Now, compounds to boost effectiveness of antibiotics

Now, compounds to boost effectiveness of antibiotics

Scientists have developed compounds that can bolster the ability of antibiotics to treat deadly bacterial diseases such as MRSA and anthrax.

Researchers from the University of California, Irvine and Northwestern University built upon previous work in which they created compounds that inhibit an enzyme called neuronal nitric oxide synthase.

These have demonstrated the potential to treat neurodegenerative diseases by blocking overproduction of cell-killing nitric oxide within neurons.

Now, the researchers are learning that the compounds may have another important function.

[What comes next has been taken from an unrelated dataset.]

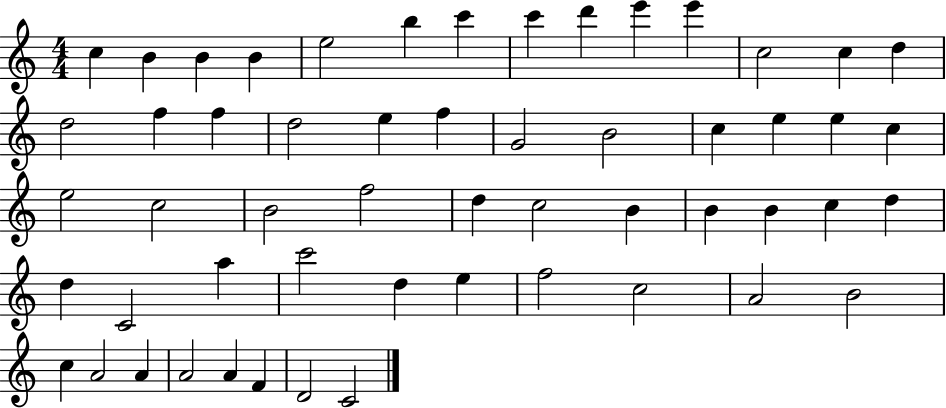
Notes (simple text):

After UC Irvine's Thomas Poulos and Northwestern's Richard Silverman read a study suggesting that nitric oxide synthase helped pathogenic bacteria resist antibiotics, their laboratory teams paired the inhibitor compounds with currently used antibiotics to see if they could suppress nitric oxide synthase (NOS) - and increase the antibiotics' effectiveness.

"We found that NOS inhibitors were extremely successful at inhibiting neurodegeneration in an animal model, and if they could be successful combating other diseases, we wanted to identify that as quickly as possible to help other people," said Poulos.

The researchers tested their compounds on Bacillus subtilis, nonpathogenic bacteria very similar to Staphylococcus aureus (known as MRSA), and Bacillus anthracis, which causes anthrax.

Bacteria treated with the NOS inhibitors and an antibiotic were killed off more efficiently and completely than bacteria treated with only an antibiotic.

The scientists then compared the three-dimensional structure of the inhibitors bound to the bacterial NOS with those bound to the neuronal NOS and determined that they bonded quite differently.

"Now that we know which region of the NOS to target, we should to be able to develop compounds that selectively bind to bacterial NOS," Poulos said, adding that his team will also need to try out those compounds in animal models.

The study was published in the journal Proceedings of the National Academy of Sciences.